場所と給食を失った子どもたちへのお弁当配布からスタート
HOMEステーションは大阪の平野区で活動しています。もともとは児童養護施設を退所したあとの若者を支援しようということではじまった団体です。
コロナで一斉休校になり居場所と給食を失った子どもがいたので、緊急的にお弁当を配る活動をはじめました。
活動をしてわかったのは、辛さやしんどさを吐き出す場所がなくなっていたということです。そこで子どもたちの気持ちや言葉を受け止める場所として、平野宮町みんな食堂をつくっていきました。
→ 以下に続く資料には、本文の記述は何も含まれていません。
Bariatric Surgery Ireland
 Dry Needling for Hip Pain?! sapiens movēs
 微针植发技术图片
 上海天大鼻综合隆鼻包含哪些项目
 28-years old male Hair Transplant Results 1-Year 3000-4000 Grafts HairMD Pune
地域の子どもだったら誰でも来られるようにしています。みるからにしんどい状態のお子さんというのは少ないです。親や先生や友達といった人との関係がしんどい子も来ています。
サインをどう汲み取り蓄積するか
常日頃からしんどいことを明確に言える子であれば、たくさんの専門家の方も関われます。 しんどさを言えない子については、日々のコミュニケーションのなかから漏れでてくるサインをどう汲み取るかが大事です。
本来ならちょっとずつしか表に出してこないしんどさを、可視化できるようにするにはどうしたらよいのか? 実際に関わって気づいたことを記録していくことにしましたが、メールやLINEでは流れてしまいなかなか蓄積できません。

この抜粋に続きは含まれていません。